Alex sighed. "It has to do with half a dozen conversations, most of which have taken place in this room, and one of which is the one that you're referring to."

"You want me to leave or something?" Toby asked irritably. "'cause you could have picked someone else to be a better decoration."

"She doesn't want to be President," Leo stated flatly.

"I never said that," she protested softly.

"You didn't not say it."

She sighed again. "I haven't said either."

"You know, he was wrong sometimes," Toby said. "He said that Sam would run."

"He was wrong a lot," Leo added. "But that didn't mean that he stopped trying."

"Why didn't Sam run?" she asked thoughtfully, looking from one man to the other. "I always wondered. I thought that he'd make a good president."

"He never ran because his state was in a lot more trouble than his country," Leo explained. "He did federal politics. He could have done it all. He got elected as a Democrat in the California forty-seventh twice. He won Orange County. He considered doing the whole thing, but California's economy was in a major recession and he didn't see any serious candidates stepping up to the plate. So he did it."

"He gave up his dreams of running the nation to try and pull one state out of the hole that it had dug itself into," Toby continued. "He ran a damn good campaign and he got elected because he was the best.

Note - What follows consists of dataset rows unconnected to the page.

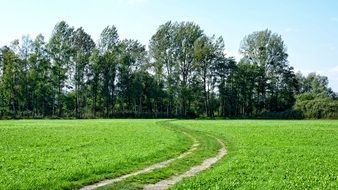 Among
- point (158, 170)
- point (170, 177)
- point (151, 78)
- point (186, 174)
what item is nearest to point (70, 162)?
point (158, 170)

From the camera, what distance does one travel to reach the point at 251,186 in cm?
1986

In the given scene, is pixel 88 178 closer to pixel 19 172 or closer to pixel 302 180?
pixel 19 172

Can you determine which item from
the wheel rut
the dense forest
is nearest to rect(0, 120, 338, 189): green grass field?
the wheel rut

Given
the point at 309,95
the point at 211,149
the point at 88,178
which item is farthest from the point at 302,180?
the point at 309,95

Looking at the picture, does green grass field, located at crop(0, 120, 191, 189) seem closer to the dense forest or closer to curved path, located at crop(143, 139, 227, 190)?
curved path, located at crop(143, 139, 227, 190)

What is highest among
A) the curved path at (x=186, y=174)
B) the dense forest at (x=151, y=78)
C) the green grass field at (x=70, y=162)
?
the dense forest at (x=151, y=78)

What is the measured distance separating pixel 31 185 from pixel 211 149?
2093cm

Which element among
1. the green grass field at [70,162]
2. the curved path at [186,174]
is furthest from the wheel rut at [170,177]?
the green grass field at [70,162]

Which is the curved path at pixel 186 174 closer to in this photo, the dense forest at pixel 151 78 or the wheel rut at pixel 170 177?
the wheel rut at pixel 170 177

Now he's just got to prove it. Jed was wrong, but you've got to look at the whole board."

"He can be wrong again," Leo told her. "He wouldn't care so long as you felt you were doing something worthwhile with your life. And if that happens to be teaching at some university, then so be it. I know that you've been offered an associate position at Bryant."

"And another one at Notre Dame," Toby mentioned when she didn't seem inclined to. Leo raised his eyebrows at them. "Abbey accidentally let that one slip last week."

Alex cast her eyes downward, intent on studying the pattern of the rug. "I didn't take them," she whispered.

"I'm sorry?" Leo probed.

"I turned them down," she repeated, louder this time.

"Why the hell would you do something like that?" Leo burst out.

"Because I got a position with the UN Department of Political Affairs, working with the Security Council Division."

"Okay," Toby said. It looked like he wanted to say more but he didn't.

"I've gotta ask," Leo commented. "Why are you still awake then?"

"Because I don't know where to go from there."

"You could easily make that your whole career," Leo answered, a little perplexed. "Or get a job at State. And it's still not too late to get a university position."

"That's not what she meant," Toby responded, looking at them both seriously. "She meant the House or the Senate."

"I actually didn't mean either," she corrected, looking down at the rug again. "I meant, do I take having to make Leo's choices or Toby's?"

"My wife's going to be wondering where I am," Leo said softly. "And just know that Jed was never disappointed with Sam for not running." He pushed himself to a standing position, looking down at the young woman sitting on the rug with a strange expression on his face. "Whatever decision you make, we'll all be behind you."

He walked slowly out into the hall, his shoulders stooped. Alex stared out after him in silence. For a few minutes after he had vanished from sight, the two left in the library sat in the stillness of the sleeping house.

"I've got more Browning for you," Toby told her, interrupting the silence. "When the fight begins within himself, a man's worth something."